I was also very frustrated by the amount of bureaucracy and the difficulty in
getting payments - much of the time whether or not payments made it through
was based on personal relationships. In fact at one point our payments were
suspended simply because one of the advisors on the review committee didn't
like us. In the end we got our cash - but lost a lot of time and ultimately
didn't find it to be worth it. A better approach for us would have been to
find a supportive early investor.

However, all of that said - even in Singapore, with its reputation for
completely clean government - the program was riddled with conflicts of
interest, double dipping, and other problems that led to a fair bit of
controversy. So I understand the need to put stricter controls on how the
money is doled out.

Net - this isn't so much about Chile, but rather about governments trying to
be investors - they can't move quickly, they are not profit motivated, and
they tend to rely on relationships rather than merit in the absence of clear
guidelines.

I'm hopeful that the Chileans will figure out a clean set of rules that apply
to everyone equally which will make equitable the tradeoffs between the free
money and the pain of dealing with some bureaucracy.

------
mguimaraes
I came from the same country as Herval (Brazil) and I am flying to Chile on
the 4th of January. Myself and my partner are working hard on bootstrapping
our 2nd company for the last 1 1/2 year. We are very fortunate to have landed
big contracts in Brazil this year. We will keep a commercial operation in
Brazil. I can point out wonderful reasons to do business in Brazil: \- Very
large market, 200M people \- Booming consumer market \- Internet penetration,
70M \- Mobile phone penetration, > 200M \- Engaged social media users \-
Beautiful woman and beaches ;-) \- More VC capital than in Chile .But there
are several restraints here: \- Highest interest rate in the world (11% year,
in practice more than 28%) vs 3,5% in Chile \- One of the worst countries in
the world to employ people, according to Employing Worker Index Brazil ranks
at 120th position vs 69th for Chile \- Nothing similar to SUP in Brazil \- One
of highest taxes in the world totalizing 35% of GDP vs 18% in Chile \- Very
corrupted \- There are in Brazil a few serious, honest and friendly venture
capitalists, but Brazil is also crowded with crippled VC´s, angel investors
that never invested in anything (whenever you meet one, ask them what were
their last 3 investments).

(for a complete comparison look at <http://www.heritage.org>) So, reading
Herval post I got concerned but, what he describes is pretty much what we have
'for lunch' in Brazil everyday.
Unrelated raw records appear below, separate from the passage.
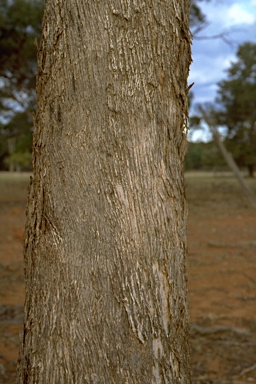 APII jpeg image of Eucalyptus microcarpa  © contact APII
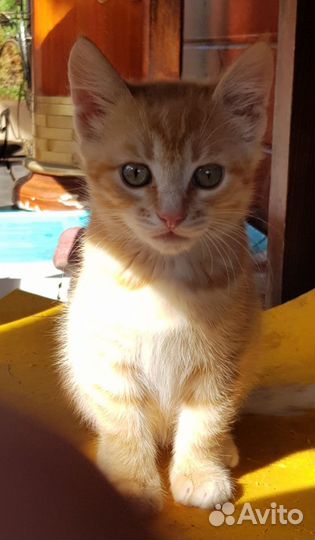 Кошки в добрые руки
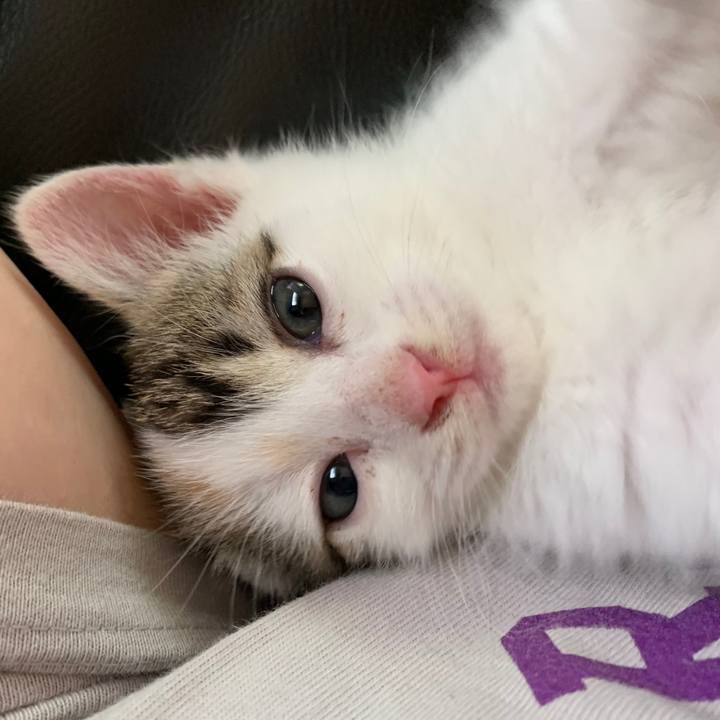 5e0138e9 5668 4054 aaa6 a16e25461a72 1590451888151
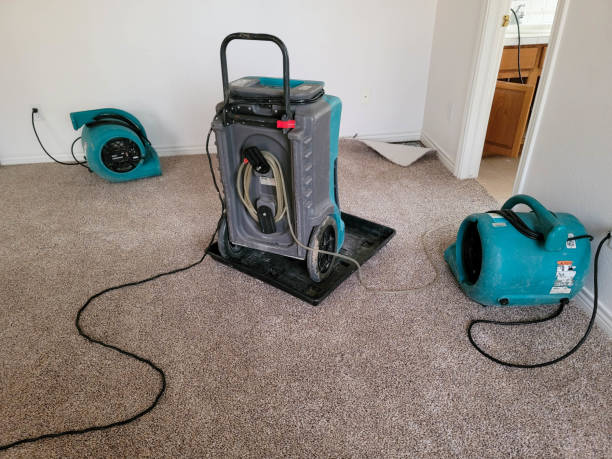 Best Water damage restoration experts  in Stafford, TX
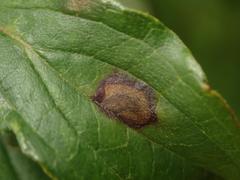 Sphaerulina cornicola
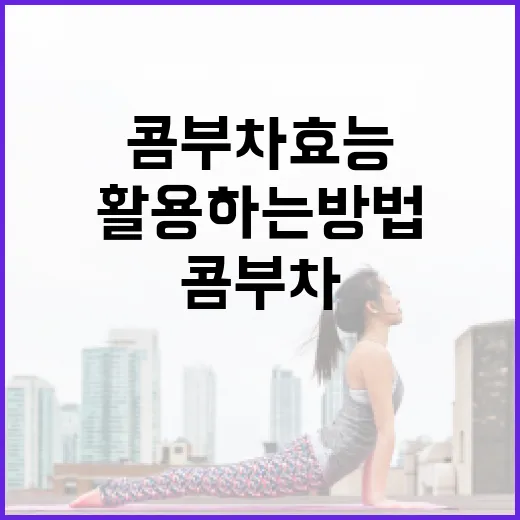 콤부차 효능을 최대한 활용하는 방법 - 요약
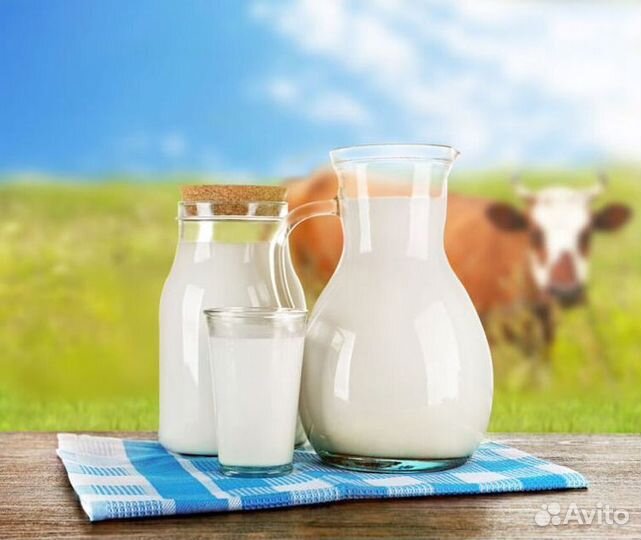 Домашняя молочная продукция оптом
Sounds to me like a shallow analysis. I can
live with those issues, those seems to be like micro issues that can be, at
some point, fixed. What I would like to hear from the author or from someone
else is if, compared to Brazil, Chile is a good place to set up a business
that targets LATAM? How do those incredible better economic indicators (again,
when compared to Brazil) impact your business and your life in the LONG-TERM?
Did you think about the long term perspective of having your headquarters in
Brazil vs Chile?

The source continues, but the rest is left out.